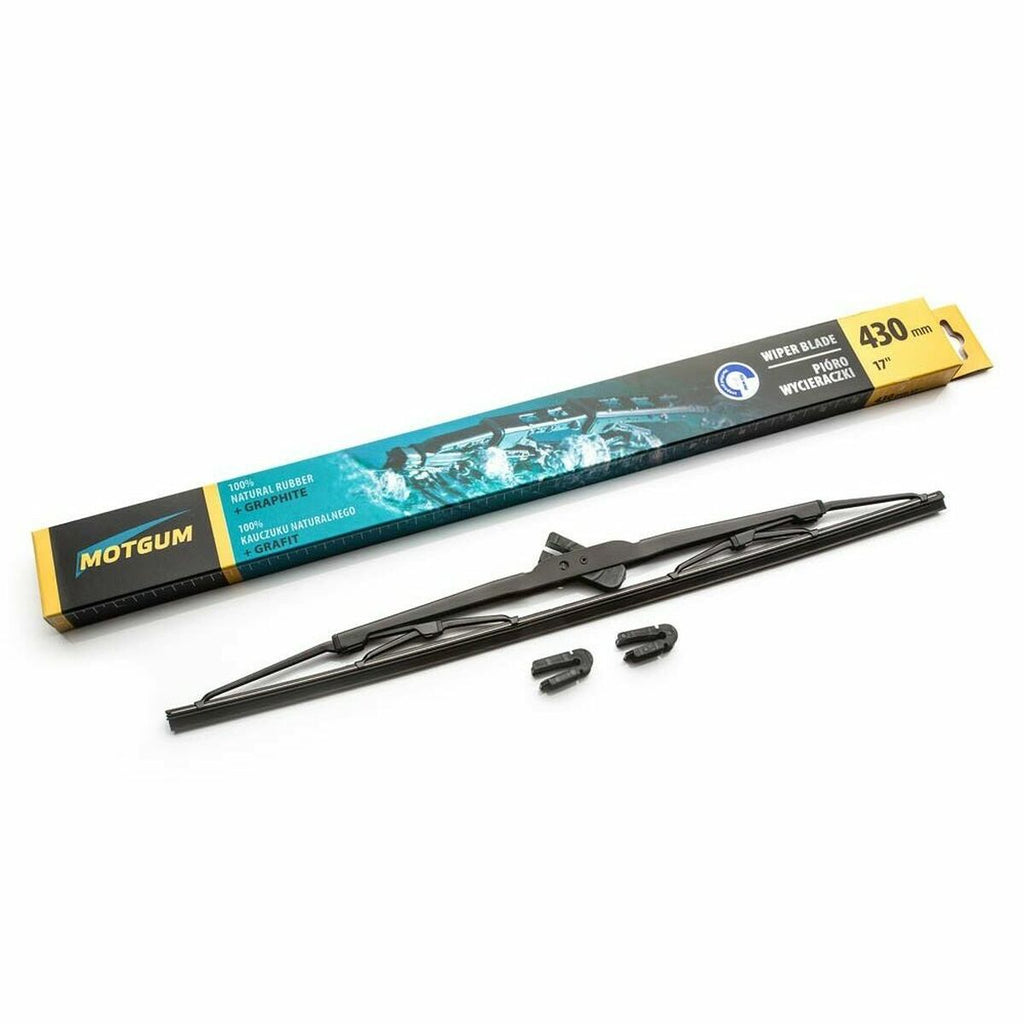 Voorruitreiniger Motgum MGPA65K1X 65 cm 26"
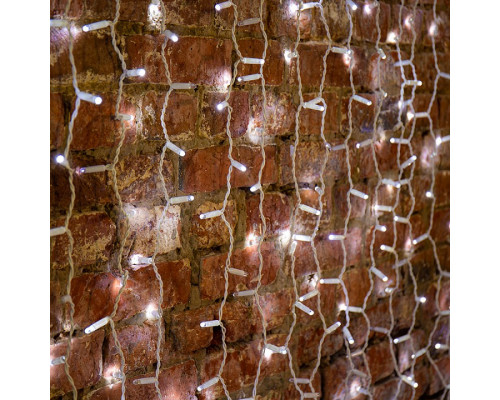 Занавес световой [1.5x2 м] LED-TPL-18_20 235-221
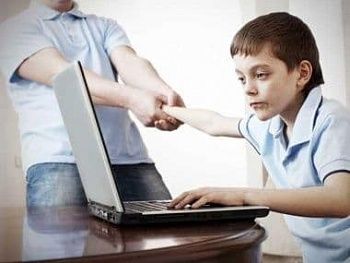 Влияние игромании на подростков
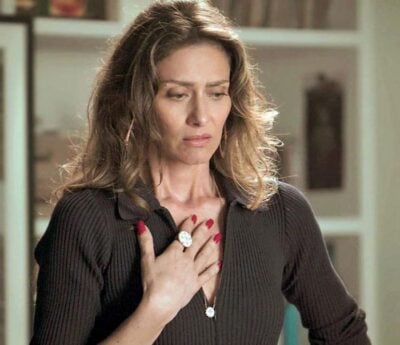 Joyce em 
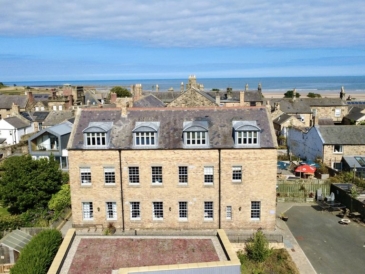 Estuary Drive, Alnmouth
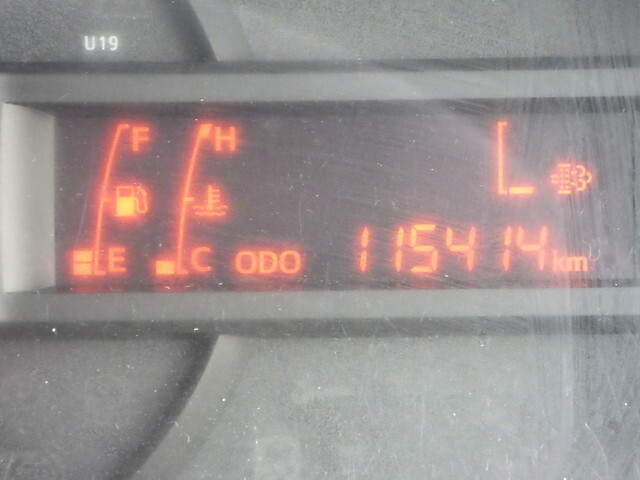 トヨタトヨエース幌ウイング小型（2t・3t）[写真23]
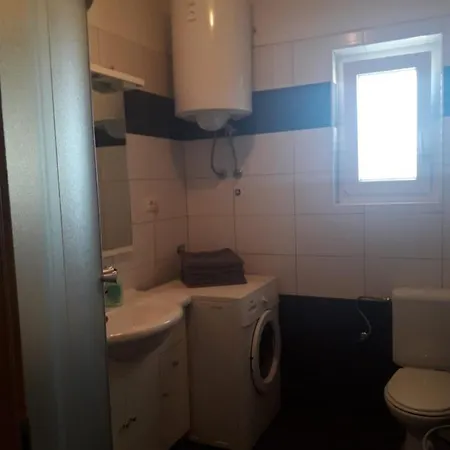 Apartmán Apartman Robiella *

* * *

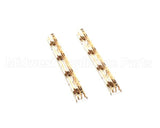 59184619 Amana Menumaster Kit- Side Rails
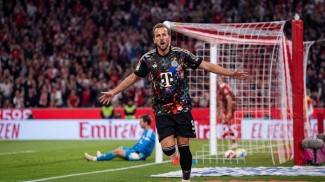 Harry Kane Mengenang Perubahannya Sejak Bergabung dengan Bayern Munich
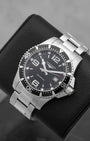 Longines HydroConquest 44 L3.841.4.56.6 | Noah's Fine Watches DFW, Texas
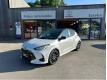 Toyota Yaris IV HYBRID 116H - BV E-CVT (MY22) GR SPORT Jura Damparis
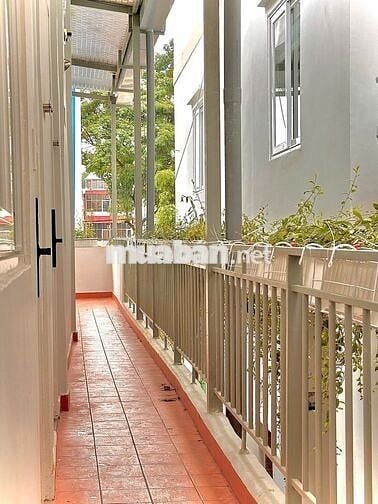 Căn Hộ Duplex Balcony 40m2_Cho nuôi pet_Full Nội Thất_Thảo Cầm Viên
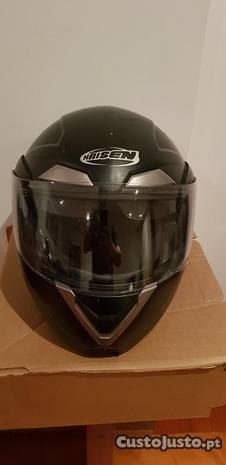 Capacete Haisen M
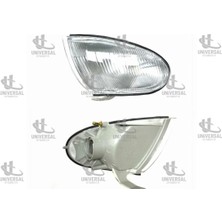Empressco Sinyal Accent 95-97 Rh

--

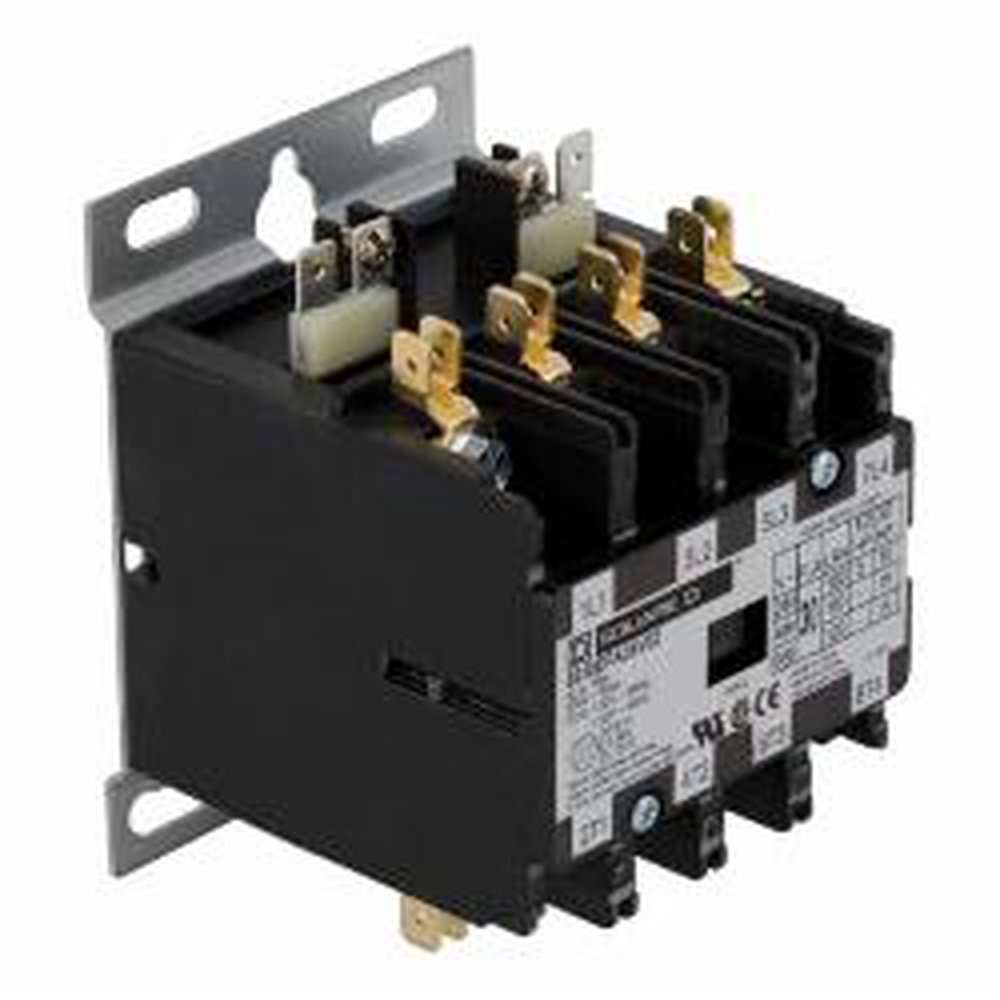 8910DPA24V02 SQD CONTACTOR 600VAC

EXERCISE GOAL:
For this task, return exactly the stretch of the listing above from the line with "Voorruitreiniger Motgum MGPA65K1X" through the line with "Apartmán Apartman Robiella *", inclusive and without pictures.

RESPONSE:
 Voorruitreiniger Motgum MGPA65K1X 65 cm 26"
 Занавес световой [1.5x2 м] LED-TPL-18_20 235-221
 Влияние игромании на подростков
 Joyce em 
 Estuary Drive, Alnmouth
 トヨタトヨエース幌ウイング小型（2t・3t）[写真23]
 Apartmán Apartman Robiella *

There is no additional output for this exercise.